Uniform Polyhedron with 500 congruent right kite faces!

Question

The diagram above shows a uniform polyhedron having 502 vertices exactly lying on a spherical surface, 1000 edges & 500 congruent right kite faces each having two unequal edges $a$ & $b$ given $b>a$. How to find out the ratio $\frac{b}{a}$ of unequal edges of this uniform polyhedron?

Note: The conditions, that 500 right kite faces are congruent & 502 vertices exactly lies on a spherical surface, are governing conditions which fully describe this uniform polyhedron (trapezohedron) & will produce the expression of ratio $\frac{b}{a}$. This is also feasible for 2n no. of congruent right kite faces.

Edit/JL: Below there are Mathematica images of the resulting polyhedron (not yet confirmed by the OP) with $n=5$ and $n=17$. The faces are rendered using a non-trivial opacity setting so that we can see through them to some extent. Because projecting the object to a plane distorts the angles a bit, it may not be entirely clear that the 4-gonal faces all have two 90 degree angles - you have to take my word for that :-)

Answer 1

Here is the simplest solution of generalized polyhedron with right kite faces covering up countless problems like the above problem based on simple geometry.

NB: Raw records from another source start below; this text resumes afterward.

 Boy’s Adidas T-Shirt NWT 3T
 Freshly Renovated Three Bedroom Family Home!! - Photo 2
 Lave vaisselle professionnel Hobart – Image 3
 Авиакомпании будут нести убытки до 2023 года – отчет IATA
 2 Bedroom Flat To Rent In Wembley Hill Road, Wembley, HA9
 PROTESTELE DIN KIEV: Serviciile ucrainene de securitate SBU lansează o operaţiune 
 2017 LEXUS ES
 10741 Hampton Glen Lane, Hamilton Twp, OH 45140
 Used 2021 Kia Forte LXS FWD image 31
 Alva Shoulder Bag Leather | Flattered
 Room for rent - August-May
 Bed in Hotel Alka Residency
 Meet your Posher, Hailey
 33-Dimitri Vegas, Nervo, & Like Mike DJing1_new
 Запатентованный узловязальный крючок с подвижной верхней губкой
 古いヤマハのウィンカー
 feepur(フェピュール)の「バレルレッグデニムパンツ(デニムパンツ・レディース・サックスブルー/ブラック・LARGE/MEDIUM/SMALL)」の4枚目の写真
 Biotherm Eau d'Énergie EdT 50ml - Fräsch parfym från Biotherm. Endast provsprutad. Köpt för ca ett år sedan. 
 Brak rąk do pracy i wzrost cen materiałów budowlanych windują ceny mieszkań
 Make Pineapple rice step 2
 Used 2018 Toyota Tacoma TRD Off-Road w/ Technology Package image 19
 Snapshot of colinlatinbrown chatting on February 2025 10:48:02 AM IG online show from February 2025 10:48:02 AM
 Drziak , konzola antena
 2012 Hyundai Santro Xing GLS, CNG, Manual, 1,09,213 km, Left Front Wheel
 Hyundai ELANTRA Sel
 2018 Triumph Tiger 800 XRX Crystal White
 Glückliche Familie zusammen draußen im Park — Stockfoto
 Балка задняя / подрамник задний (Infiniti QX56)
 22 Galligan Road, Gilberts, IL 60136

In general, the ratio of unequal edges $\color{blue}{a}$ & $\color{blue}{b}$ $\space \color{blue}{\forall \space (a\leq b)}$ of any $\color{blue}{\text{uniform polyhedron}}$ having $\color{blue}{2n \space (\forall \space n\geq 3)}$ no. of $\color{blue}{\text{congruent right kite faces}}$ is given as $$\bbox[4pt, border: 1px solid blue;]{\color{red}{\frac{a}{b}=\sqrt{\tan\left(\frac{\pi}{n}\right)\tan\left(\frac{\pi}{2n}\right)}}}$$

I had analysed it for a generalized case here Uniform polyhedrons with right kite faces by HCR

Answer 2

The vertices are $$N=(0,0,1), S=(0,0,-1)$$ for the poles, and $$A_k=\left(\sqrt{1-h^2}\cos \frac{k\pi}{250},\sqrt{1-h^2}\sin\frac{k\pi}{250},(-1)^kh\right)$$ with $0\le k<500$ for the points near the equator (for some $0<h<1$). Then from several applications of Pythagoras$$b^2={(1-h^2)+(1-h)^2}=2-2h $$ $$a^2+b^2=(1-h^2)+(1+h)^2=2+2h $$ so that $a^2=4 h$. But $a$ is also the distance between $A_0$ and $A_1$, hence $$\begin{align}4h=a^2&=(1-h^2)\left(\cos\frac\pi{250}-1\right)^2 +(1-h^2)\sin^2\frac \pi{250}+(2h)^2\\ &=(1-h^2)(2-2\cos\frac\pi{250})+4h^2\\ &=2-2\cos\frac\pi{250}+h^2(2+2\cos\frac\pi{250})\end{align} $$ This gives you a quadratic equation for $h$, but one solution $h=1$ is trivial (and clearly useless). After dividing it away, we get $$ h=\frac{1-\cos\frac\pi{250}}{1+\cos\frac\pi{250}}$$ and from this also $b$ and $a$ via the above equations. Especially, $$\frac{a^2}{b^2}=\frac{a^2+b^2}{b^2}-1=\frac{2+2h}{2-2h}-1=\frac{2h}{1-h}=\frac1{\cos\frac\pi{250}}-1, $$ $$\frac ab=\sqrt{\frac1{\cos\frac\pi{250}}-1}. $$